Goal of the exercise -> Output nothing except the lines from the one containing "White Apple Pencil" through the final line of the data, both included, typed exactly, minus the pictures.

The data ->
◆ ◆ ◆ ◆ ◆
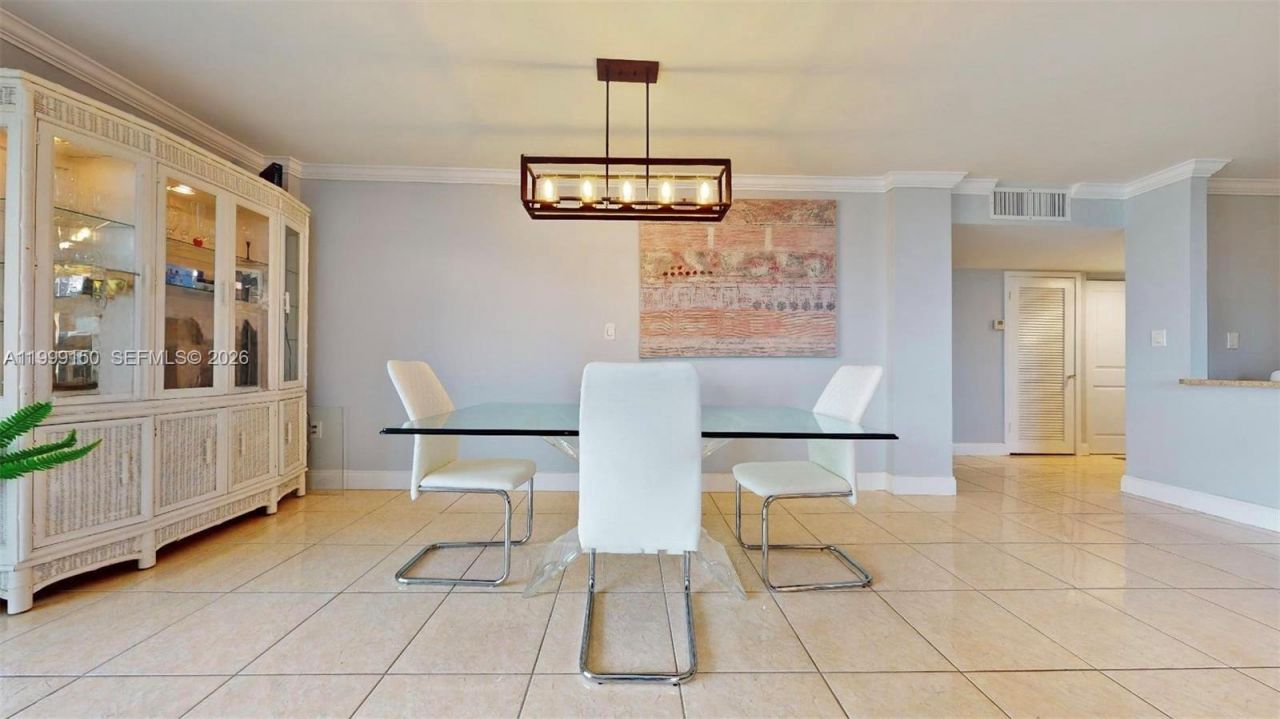 1801 S Ocean Dr, Unit 501, Hollywood, FL 33019 Photo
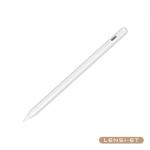 White Apple Pencil Replacement Stylus Pen Education Work Lcd Writing Tablet Pen for sale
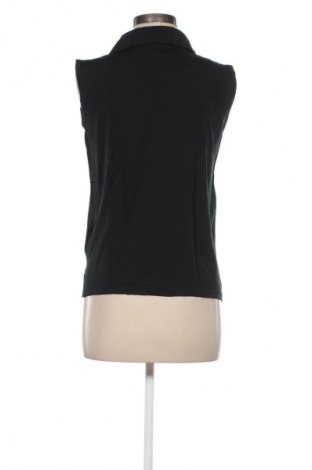 Damski sweter Fashion, Rozmiar M, Kolor Czarny, Cena 94,25 zł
◆ ◆ ◆ ◆ ◆
Solution to this problem ->
 White Apple Pencil Replacement Stylus Pen Education Work Lcd Writing Tablet Pen for sale
 Damski sweter Fashion, Rozmiar M, Kolor Czarny, Cena 94,25 zł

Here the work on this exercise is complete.